[DIRECTIONS]
Go through the listing below and repeat it exactly, dropping the pictures.

[EXERCISE DATA]
◇ ◇ ◇ ◇

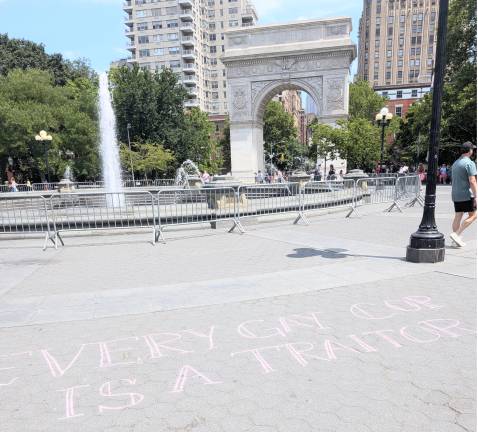 Pink chalk graffiti at Washington Square Park: “Every gay cop is a traitor.”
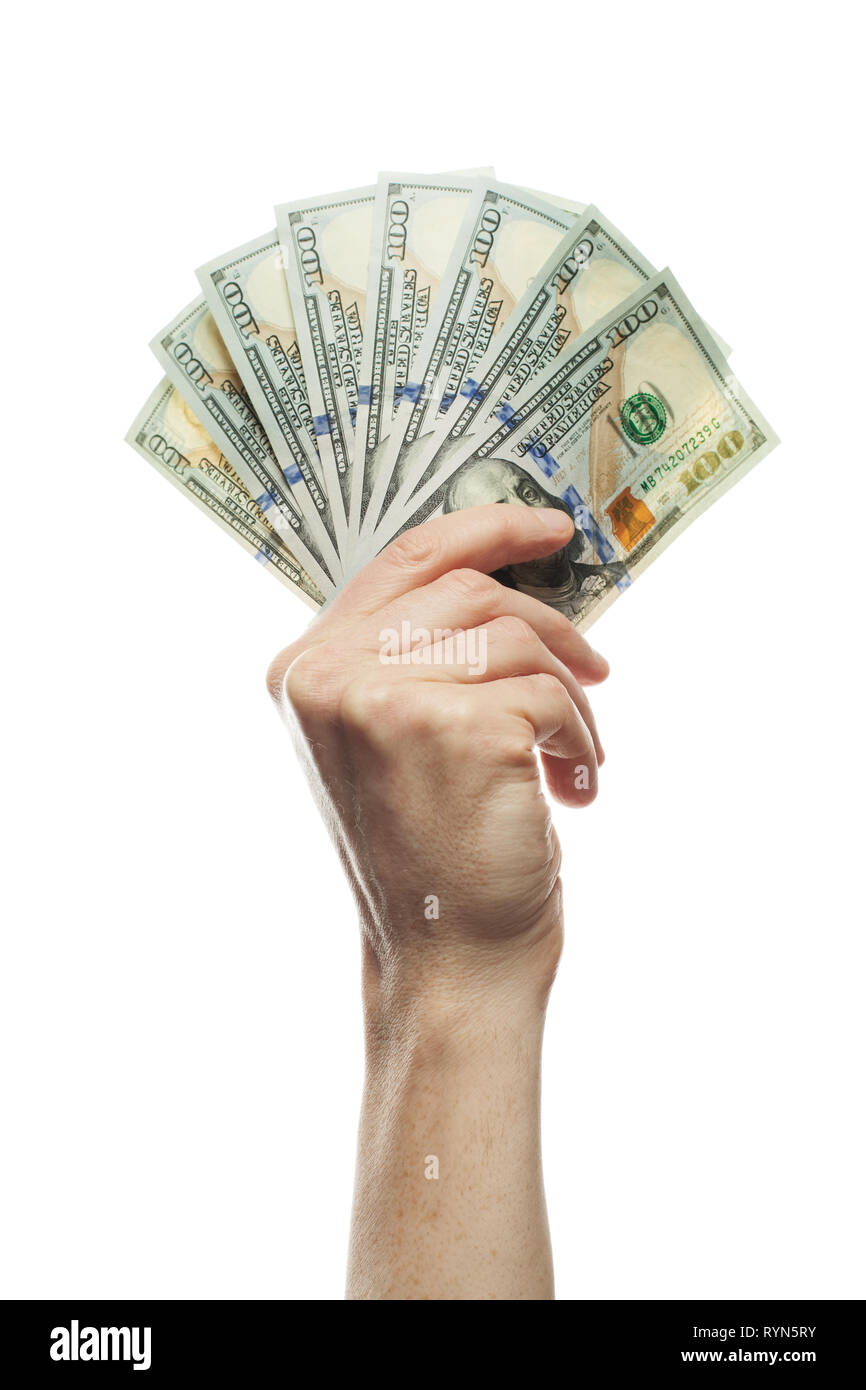 Hundert Dollar Scheine in der Hand des Menschen isoliert auf Weiss. Hand mit amerikanischen 100 Dollar Bargeld beachten Stockfoto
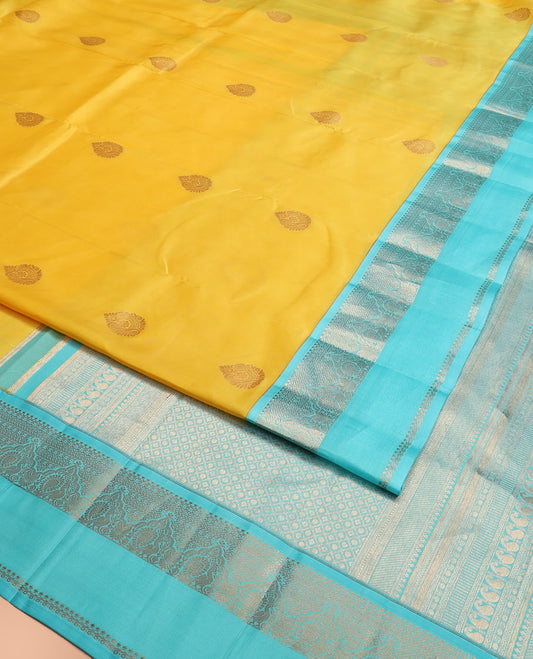 Yellow Vasundhara Silk Saree Embellished with Zari Buttas, Complemented by a Contrast Rettai Pettu Border of Salngai, Neli, Kathir, Mayil, and Kathir Designs, Featuring a Pallu of Jaal Designs, and a Contrast Blouse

◇ ◇ ◇ ◇

[EXPECTED ANSWER]
 Pink chalk graffiti at Washington Square Park: “Every gay cop is a traitor.”
 Hundert Dollar Scheine in der Hand des Menschen isoliert auf Weiss. Hand mit amerikanischen 100 Dollar Bargeld beachten Stockfoto
 Yellow Vasundhara Silk Saree Embellished with Zari Buttas, Complemented by a Contrast Rettai Pettu Border of Salngai, Neli, Kathir, Mayil, and Kathir Designs, Featuring a Pallu of Jaal Designs, and a Contrast Blouse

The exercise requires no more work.